Crítica de libros
La máquina
En la calle Hernán Cortés de Madrid resiste frente al avance de la vanguardia un local repleto de viejas máquinas de escribir, una suerte de cementerio viviente en el que las Olivettis y las Hermes, las Remington y las Underwood, bailan de carril al compás de un hombre con teclas en vez de manos; un tipo empeñado en recuperar el soniquete de ayer frente al machaque de los bip-bip.
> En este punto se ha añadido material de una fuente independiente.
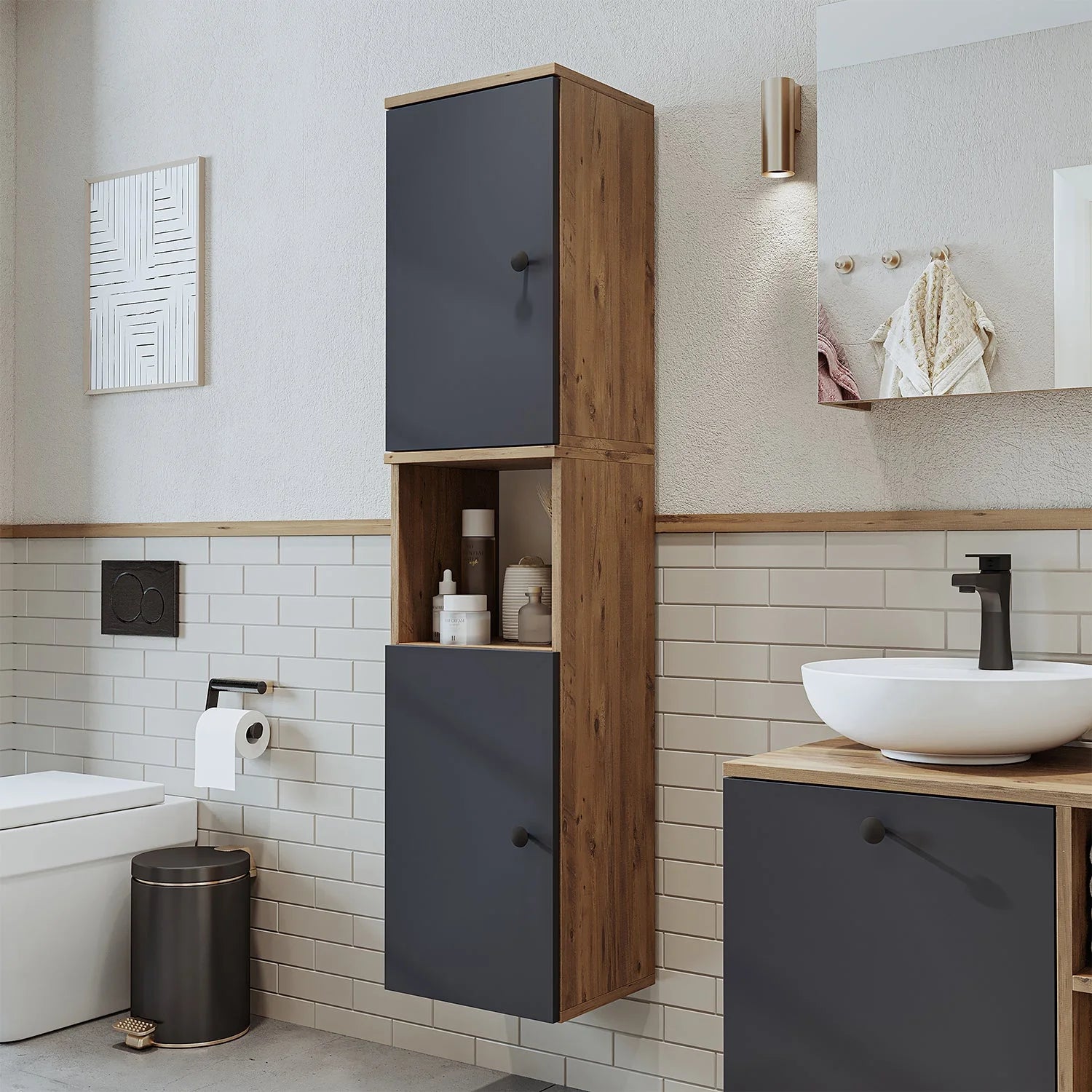 Roomart Bathroom Towel Storage Cabinet - Lotus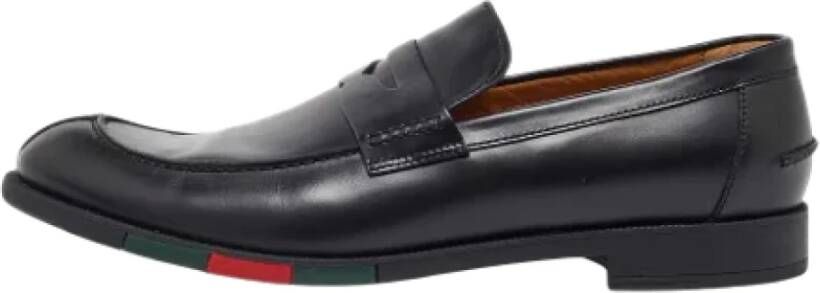 Gucci Vintage Pre-owned Leather flats Black Heren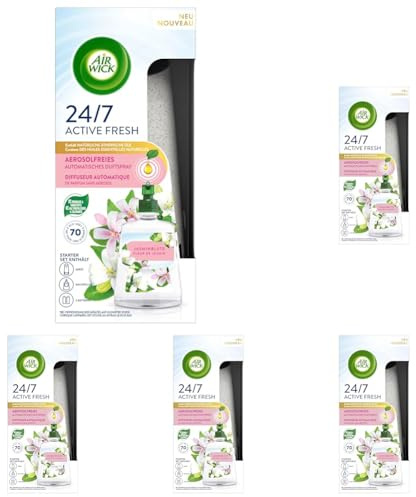 Air Wick Active Fresh – Starter Set – Aeorosolfreier, automatischer Lufterfrischer – Raumduft Jasminblüte – 228 ml Nachfüller + Gerät (Packung mit 5)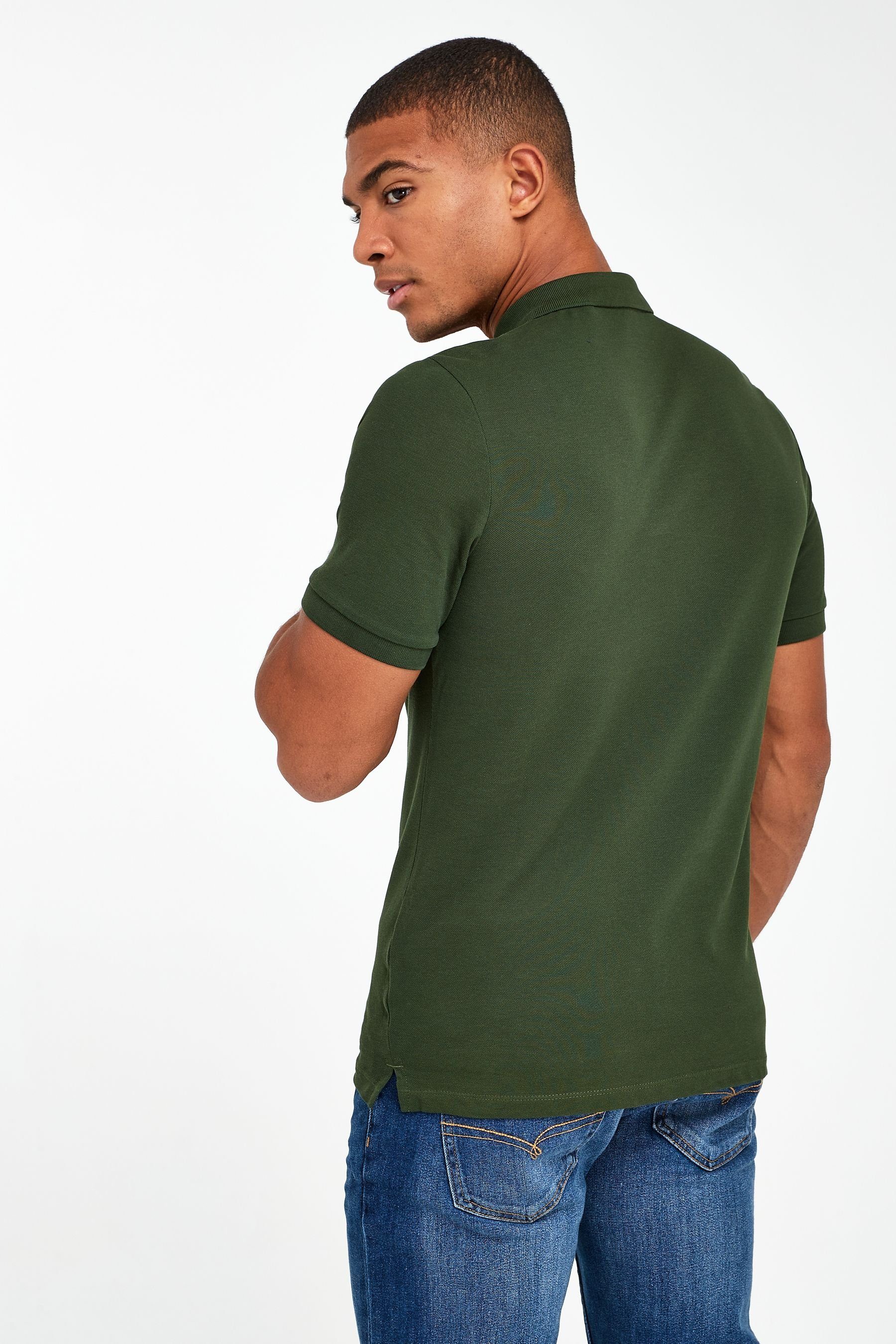 Slim Green Piqué-Polohemd Fit Khaki Poloshirt Dark (1-tlg) Next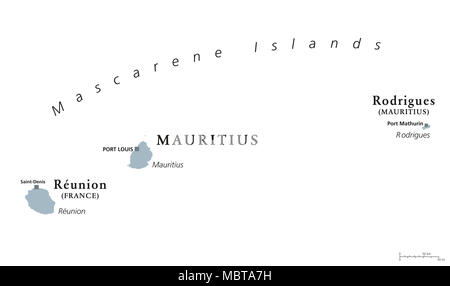 Mascareignes, une carte politique. Maurice, la réunion et Rodrigues. Mascarenhas archipel, un groupe d'îles dans l'Océan Indien. L'étiquetage en anglais. Banque D'Images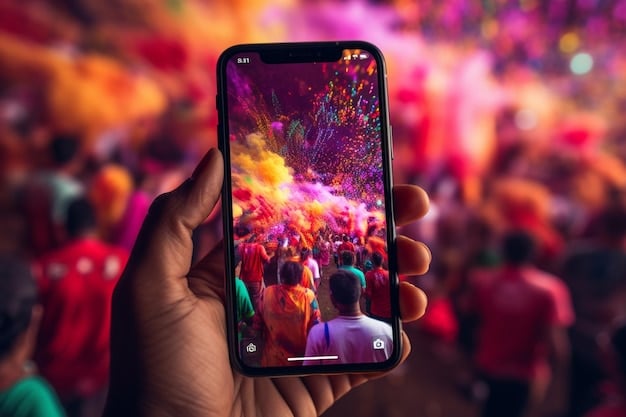 A close-up of a smartphone displaying an engaging event post on Instagram, showcasing vibrant visuals, clear event details, and interactive elements like polls and questions, emphasizing Community Event Marketing on a Budget: Proven Strategies to Attract Attendees in 2025 through digital platforms.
A día de hoy, todas las máquinas menos una (ahora en poder del aquí firmante por obra y gracia del mejor regalo de cumpleaños jamás visto), están a la venta para que tipos como Sánchez Dragó y otros tarambanas alérgicos al disco duro nos empeñemos en sortear las erratas con chorros de typex en vez de tanto Ctrl+Z facilón. El fenomenal artefacto que aquí nos ocupa es una Olivetti Pluma fechada en tiempos de la posguerra, una pieza de ingeniería también conocida como Máquina de Periodista, ya que por su fácil manejo era la favorita de quienes corrían en pos de la noticia cuando las noticias no saltaban por e-mail. Uno, que siempre ha sentido cierta nostalgia de lo no vivido, cosa absurda si lo piensan pero en fin, planea ahora darle otra vuelta de tuerca al futuro que acecha y convertir esta Olivetti en el mejor portátil del mundo. O sea: en un portátil sin e-mail ni spam, sin google ni wikipedia. Cada día más convencido de que padecemos desde hace tiempo el chamuscado progreso que anunciaba Ray Bradbury en «Fahrenheit 451», quizá acabe así emulando a la mecanógrafa más rápida del planeta, Barbara Blackburn, capaz de aporrear hasta 212 palabras por minuto sin despeinarse las pestañas. La misma mujer que un día fue a la tele para hablar de tal proeza mientras el presentador, David Letterman, se reía de ella a moflete lleno. Por eso, como bien sabrán, lo mejor es no ir nunca a la tele.